Sins are sins because they are outside of God’s will. And they are outside of God’s will because they have the potential to do tremendous damage to people created in His image and likeness, whom He loves. We know they are sins because it was revealed to us in Scripture, or it has been handed down from the time of Christ in sacred tradition. Sometimes the Church must apply these timeless, God-given principles to new situations, to determine the morality of technologies undreamt of in ancient times. 

The Church has the authority to do that because she received it from Christ, her bridegroom. And once she does declare on a subject, we believe it is done through the inspiration of the Holy Spirit, who is the same yesterday, today and tomorrow. So the Church isn’t going to change her mind. Something can’t be a sin, and then suddenly NOT be a sin. 

“But,” you ask. “What about eating meat on Friday? That was a sin, and now it isn’t.” This is an example of a discipline of the Church. Eating meat has never, in itself, been an objectively sinful behavior — on Fridays or any other day. But the Church was calling us, as Jesus calls us, to do penance. And the Church selected that penance as something we could all, as a Church, do together. The sin was never in the ingestion of the meat. It was in disobeying the Church in this matter. This particular discipline has been dropped. But it doesn’t change our obligation to in some way do penance for our sins and the sins of the world. 

Now, on to suicide. It is obvious that something must have changed in the teachings of the Church. Because, in the olden days, a person who committed suicide couldn’t be buried with a Catholic funeral Mass. And now they can. So what gives? 

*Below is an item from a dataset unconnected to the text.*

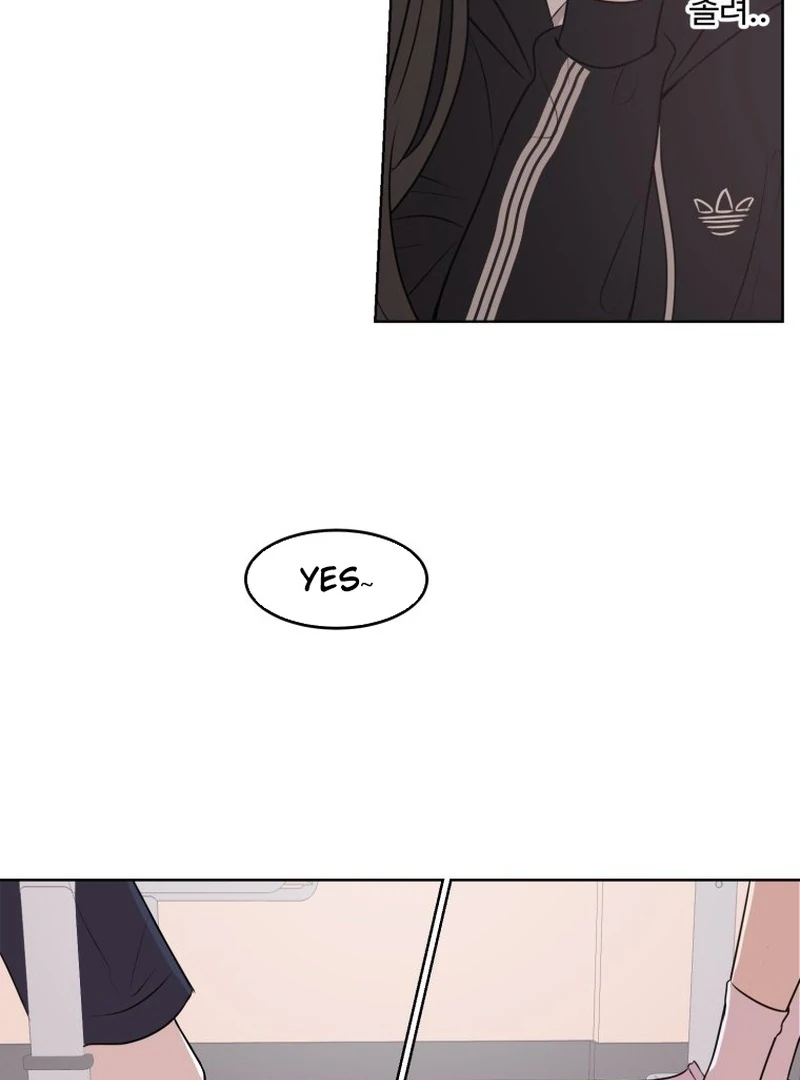 Spoiler Alert: High Teen Chapter 13 - page 58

Here’s the situation. Taking innocent human life is always a grave evil. (I add the “innocent” qualifier to distinguish this discussion from one about self defense, or about the death penalty — which in a sense is self defense. But those are separate discussions.) God is the author of life, and it is He who decides when our lives will end. To usurp that power always has been, and always will be, a grave moral evil. 

But there is an important distinction we must understand. There is the objective gravity of the sin — the nature of it, and the great damage done by it. Then there is the question of the individual’s moral culpability of that sin. In other words: a great evil was done. But is the person who did it liable to judgment for it? Or were there extenuating circumstances that mean that, while the evil was indeed done, the person who did it was somehow functioning in a diminished capacity that reduces or eliminates their moral responsibility? 

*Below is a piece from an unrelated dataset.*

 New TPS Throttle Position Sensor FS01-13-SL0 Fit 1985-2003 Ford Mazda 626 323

For a person to be culpable for a mortal sin, three conditions must be met. First, the objective act must be gravely sinful. Second and third, the person committing the sin must do so with full knowledge of the sinfulness of the act, and full consent of the will. In the question of suicide, we have learned to much about the psychological condition of a person driven to such a horrible deed. The instinct to self preservation is strong. In order to overcome it, the mental and/or physical suffering is frequently very intense. There may even be, as my friend at the salon mentioned, mental illness involved. All of this can drastically reduce a person’s mental and intellectual capacity to make rational decisions. 

And so, while an objectively horrifying act has occurred, God may very well have tremendous mercy on that person’s soul, given the extreme states of agitation and pain that led up to the act. 

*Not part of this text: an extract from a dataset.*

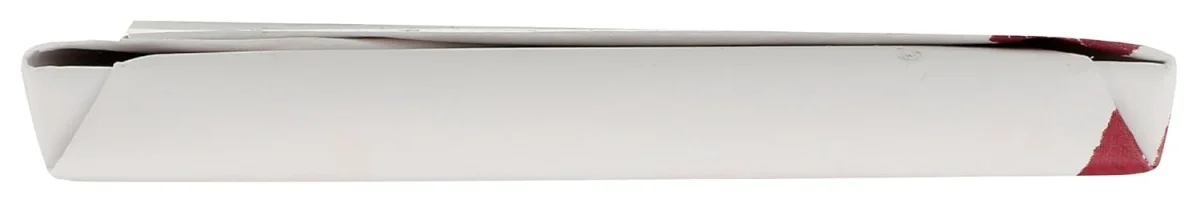 Theo Organic 85% Dark Chocolate Bar, Unflavored - 3 oz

Know that I write all of this as someone who has lost one beloved relative and several friends to suicide. And I am tremendously optimistic in my hope that they are with God. Not because they didn’t do something terrible, or that what they did was somehow justified. But because the God who loves them sees their hearts, and knows that pain and suffering can drive people to acts they wouldn’t possibly consider while in their “right” minds. 

And this is why the Church offers the Rite of Christian Burial to those who die by suicide. Because they need the prayers. And their families need the comfort. And because the Church, too, believes in that the God who embodies perfect justice also embodies perfect mercy. 

And we live in great hope that they are with Him.